If the 47 governors carry themselves responsibly, and work with MPs, they can push the devolution agenda so far and so fast no one else would be able to reverse it.

But if they soil their hands, push their own personal agendas and generally prove to be both inept and incapable of running their counties, they will give the anti-devolutionists their best opportunity to derail or scuttle this devolution revolution. They must come to the court of public opinion with clean hands.

Let us take Narok County as an example. When the new county government came into power, it found in place a legally binding contractual agreement between a local commercial bank and the former Narok County Council. Under this contract, the bank was to collect entry fees from tourists accessing certain sections of the world-famous Maasai Mara Game Reserve, subtract its service charge and then remit the rest to the council.

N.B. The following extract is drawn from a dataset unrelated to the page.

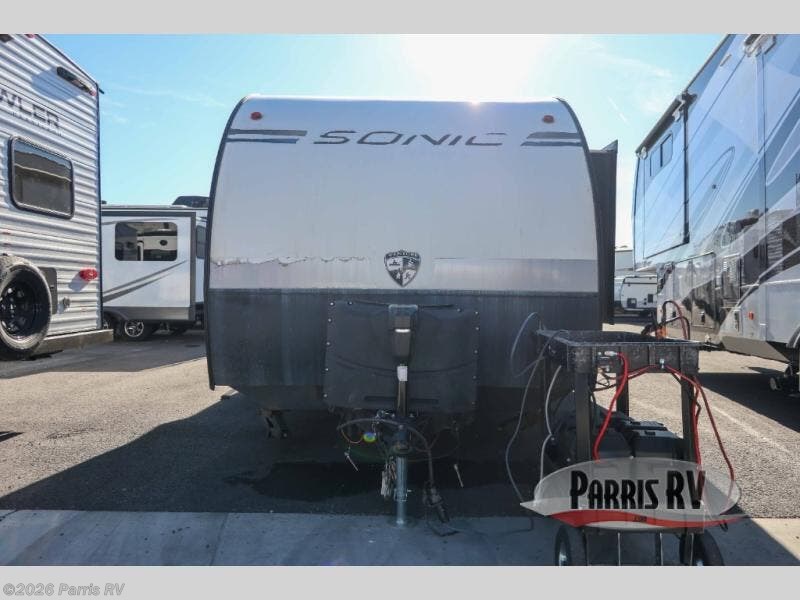 2019 Sonic SN220VBH by Venture RV from Parris RV in Murray, Utah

Last year, the bank collected more than Shs. 1.5 billion under this contract, more than double what the council itself had been collecting annually. But a few months ago, the new county government unilaterally cancelled this contract and the bank, as expected sued it in court.

If the courts should find that the contract was indeed illegally terminated and order the county to pay the bank millions, even billions of shillings in damages and lost revenues, who would be the real loser?

Second, what is the long term effect of such unilateral county government action likely to be on the county’s tourism industry, its economic mainstay?

Binding deal

Third, in how many other counties across the country are existing and binding contractual agreements being unilaterally scrapped by the new county governments?

If devolution is to endure and prosper, the new governors will have to learn to manage and subordinate their personal interests, respect all legal contracts and, above all, vigorously protect all the resources of their counties. They must come to the Kenyan people with clean hands. This extract appeared in this column late last year. A little earlier, we had also written here that, by far, the most important job of our new governors would be to defend and protect the vital interests of their counties against all external forces, including, when necessary, the national government.

In the ongoing public debate between the governors and the senators, the governors appear to be losing if we use newspaper headlines and stories as the test. But this perception is more of a mirage than reality. The governors are “losing” mainly because they have left other parties to determine the battleground. They need to go back to first principles, the most important of which is a clear definition of their jobs. The governor is not the county treasurer. His most important audience is not the Senate but the county electorate. The job of the governor is to fly the flag of the county, to dream big dreams for the county.

Devolution is on trial. Let governors stand on the side of the people, against all the external and internal forces that might be threatening devolution. On that battlefield, they cannot lose. They have a burly pulpit as former American President Theodore Roosevelt used to say.  Every single weekend, the governors have at least three opportunities to address large gatherings in their counties, including funerals. If they use these opportunities to push the devolution agenda, and paint the senators aslackeys of anti-devolutionists, they will have won the battle for the mind of the voter.

They must choose their battleground and the timing of the attack to win, like good generals. In  a democracy it is always safer to side with the powerless majority. The battlefield is the mind of the voter, the courtroom and the public opinion of those who elect them. Governors must also differentiate the wheat from the chaff. Such things as “Your Excellency” appearing before their names are the chaff of this increasingly torrid debate. They can easily let such titles go and domesticate them without any loss of face.

The most important courtroom for the governor is the court of public opinion in the county, where they are already the first among unequals. 

The writer is a lecturer and consultant in Nairobi.